Drei, zwei, eins ... Sprengung: Mehr als 40 Jahre nach dem Bau wurde an diesem Sonntag das stillgelegte Kohlekraftwerk "Gustav Knepper" bei Dortmund dem Erdboden gleichgemacht. Hier können Sie die Sprengung sehen.

Über 40 Jahre versorgte es die Menschen im Ruhrgebiet mit Strom – 2014 wurde es stillgelegt. An diesem Sonntag nun wurde das frühere Steinkohlekraftwerk "Gustav Knepper" an der Grenze zwischen Dortmund und Castrop-Rauxel dem Erdboden gleichgemacht.

Der 128 Meter hohe Kühlturm soll zwischenzeitlich als der höchste der Welt gegolten haben, der Schornstein ist sogar noch höher: 210 Meter ragt er in den Himmel. Zunächst wurde jedoch das Stahlgerüst des 69 Meter hohen Kesselhauses zu Fall gebracht. Danach wichen durch eine zweite Sprengung der Kühlturm und der Schornstein.

Sprengung des Kraftwerks im Livestream

Drei Sprengungen mit insgesamt 220 Kilogramm Sprengstoff plante das Abbruchunternehmen Hagedorn aus Gütersloh. Insgesamt 1500 Löcher haben Arbeiter in den vergangenen Monaten für den Sprengstoff in die Mauern und Pfeiler gebohrt, die Experten haben das Vorhaben detailliert geplant. Und alles ging gut. Das konnten Interessierte auch im Internet-Livestream des Unternehmens live mitverfolgen:

Für die Sprengung waren umfangreiche Sicherheitsmaßnahmen geplant. Es galt ein Sperrradius von bis zu 620 Metern, rund 120 Menschen mussten vorübergehend ihre Wohnungen und Häuser verlassen.

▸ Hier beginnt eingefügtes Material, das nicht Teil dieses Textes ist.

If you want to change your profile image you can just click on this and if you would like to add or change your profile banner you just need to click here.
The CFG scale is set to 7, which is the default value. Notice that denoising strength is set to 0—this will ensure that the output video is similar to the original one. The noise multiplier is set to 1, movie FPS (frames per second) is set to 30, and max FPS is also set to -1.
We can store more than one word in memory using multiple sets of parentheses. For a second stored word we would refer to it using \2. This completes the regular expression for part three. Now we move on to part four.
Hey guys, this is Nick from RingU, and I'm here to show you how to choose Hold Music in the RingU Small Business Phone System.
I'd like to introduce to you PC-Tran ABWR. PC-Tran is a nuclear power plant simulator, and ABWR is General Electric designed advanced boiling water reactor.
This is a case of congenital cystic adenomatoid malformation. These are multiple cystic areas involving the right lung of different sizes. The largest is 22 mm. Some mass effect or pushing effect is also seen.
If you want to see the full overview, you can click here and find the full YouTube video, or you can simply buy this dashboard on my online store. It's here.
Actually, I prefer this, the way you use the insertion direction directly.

Über dem 59 Hektar großen Kraftwerksgelände galt während der Arbeiten ein Flugverbot, auf den angrenzenden Autobahnen A2, A42 und A45 sollte das Tempo reduziert werden, teilte das Unternehmen in einem Ankündigungsvideo mit.

Am Ende blieben rund 29.000 Tonnen Stahlschrott und Bauschutt vom früheren Eon-Kraftwerk "Gustav Knepper" übrig. Ab 2020 soll an gleicher Stelle ein Gewerbe- und Logistikzentrum entstehen. Vor Ort an der Grenze zwischen Dortmund und Castrop-Rauxel verfolgten Schaulustige erwartet. Sie sollten möglichst mit öffentlichen Verkehrsmitteln anreisen, da es am stillgelegten Kraftwerk keine Parkmöglichkeiten gab.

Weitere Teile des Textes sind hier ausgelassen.